O que eles fizeram não é novidade e tem até nome: “fashion diplomacy” (diplomacia fashion). O conceito ganhou força na metade do século 20, quando o xadrez geopolítico mundial mudou no pós-guerra e, depois, passou a ser influenciado pela globalização dos costumes.
Líderes passaram a afagar a estética dos países amigos, equalizar os efeitos dos humores da sociedade por meio de colorismo e, principalmente, transmitir mensagens por meio das peças sem emitir uma única palavra.
Para além do uso de elementos regionais –prática comum no Brasil quando tanto situação quanto oposição usam chapéus, lenços ou acessórios dos estados com os quais querem estreitar laços –, a iconografia do tempo move os políticos.
Margaret Thatcher (1925-2013), ex-primeira-ministra britânica, talvez tenha sido a mulher que instaurou a ideia como ferramenta de poder. Quando assumiu o posto até então vinculado aos lordes e às autoridades masculinas, suavizou a autoimagem austera com o “pussy bow”, um laço em formato de vulva que, além de feminizar a gravata, virou, com a “dama de ferro”, símbolo de força.
Não foi por coincidência que a peça logo caiu nas graças dos uniformes de escritório das mulheres recém-chegadas às mesas dos escritórios, combinados a tailleurs e, depois, ao combo calça-blusa.
As supostas desavenças entre ela e a Rainha Elizabeth 2a, aventadas pela imprensa e motivo de um desmentido sem precedentes do Palácio de Buckingham naquele meio entre 1980 e 1990, foram equalizadas em viagens oficiais. Como? Duas bolsas a tiracolo.
Em diversas fotos, as duas mulheres mais importantes da Inglaterra naquele tempo eram vistas juntas com o mesmo acessório preso ao braço, geralmente em formato quadrado, para representar unidade estética e, silenciosamente, colocar panos frios nas fofocas.
A própria rainha virou símbolo da diplomacia do estilo.
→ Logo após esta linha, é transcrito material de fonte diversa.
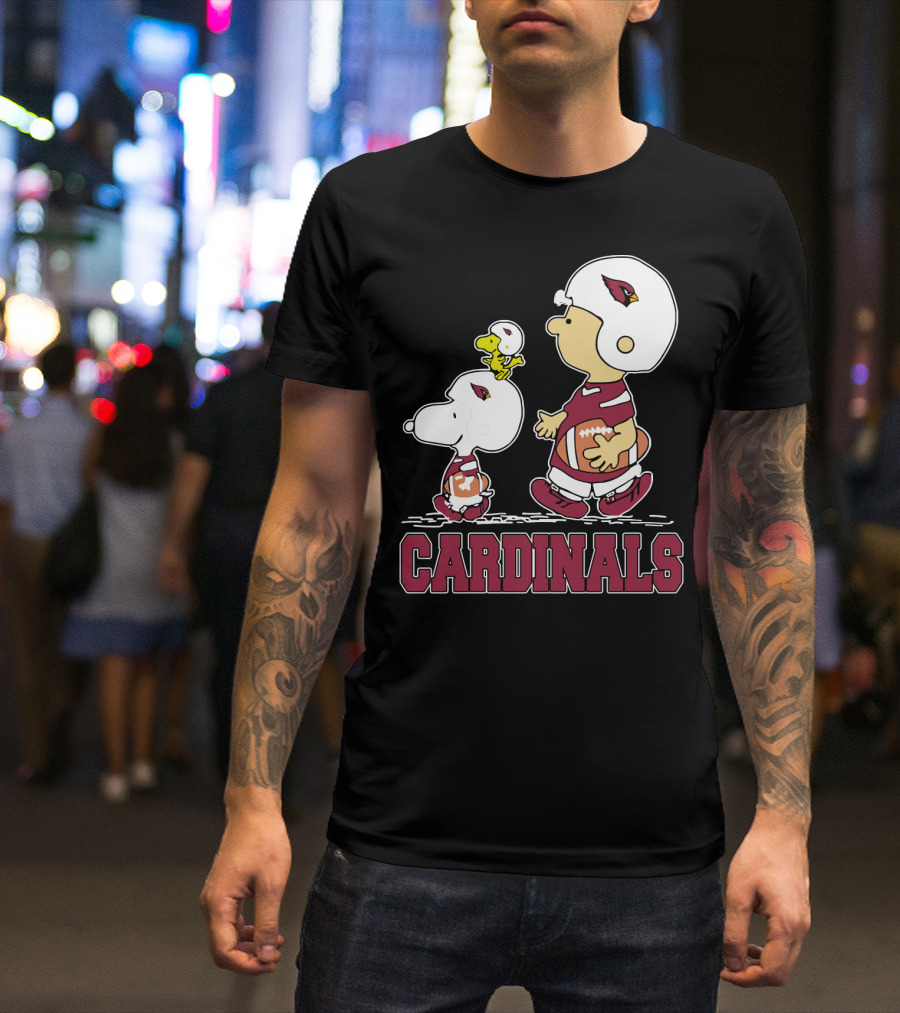 Cardinals Snoopy Fans Arizona Football Team Peanuts Characters T-Shirt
Além do uso dos broches, estampas e tiaras que homenageiam os 53 países da Commonwealth, ela usa cores para dar voz ao que, pelo ofício de estadista sem poderes políticos, não deve falar em público.
Seu golpe mais recente foi durante as negociações sobre o “brexit”, em 2017, quando num discurso ao parlamento, em junho daquele ano, usou um chapéu azul com botões dourados de imagem similar à bandeira da União Europeia. A mensagem secreta ganhou o mundo logo após especulações da mídia local de que ela seria a favor da saída do Reino Unido do bloco.
Do outro lado do Atlântico, as primeiras-damas passaram a usar o guarda-roupa para estender o tapete às ideias dos maridos e criar empatia com os povos de seus países. A discrição que moldava a estética delas até os 1990 foi substituída pelo frescor dos colos e dos braços descobertos.
Quem deu o tom do novo papel das mulheres até então vistas como acessórios condescendentes foi a ex-primeira dama Michelle Obama. Com ela, jovens estilistas americanos, a exemplo do imigrante taiwanês Jason Wu, um dos seus prediletos, tiveram os holofotes mais disputados pela mídia de moda americana e, por isso, simbolizavam o empurrão de Michelle a toda indústria local.
Hoje, com a posse, essa ideia deve voltar mais forte em um momento de crise profunda no varejo americano. E mais do que nunca, ao que parece, a roupa será elemento decisivo na estratégia política dos Estados Unidos para recuperar a confiança e a empatia de um mundo ainda convulsionado pela incoerência, tanto imagética quanto de discurso, dos anos Trump.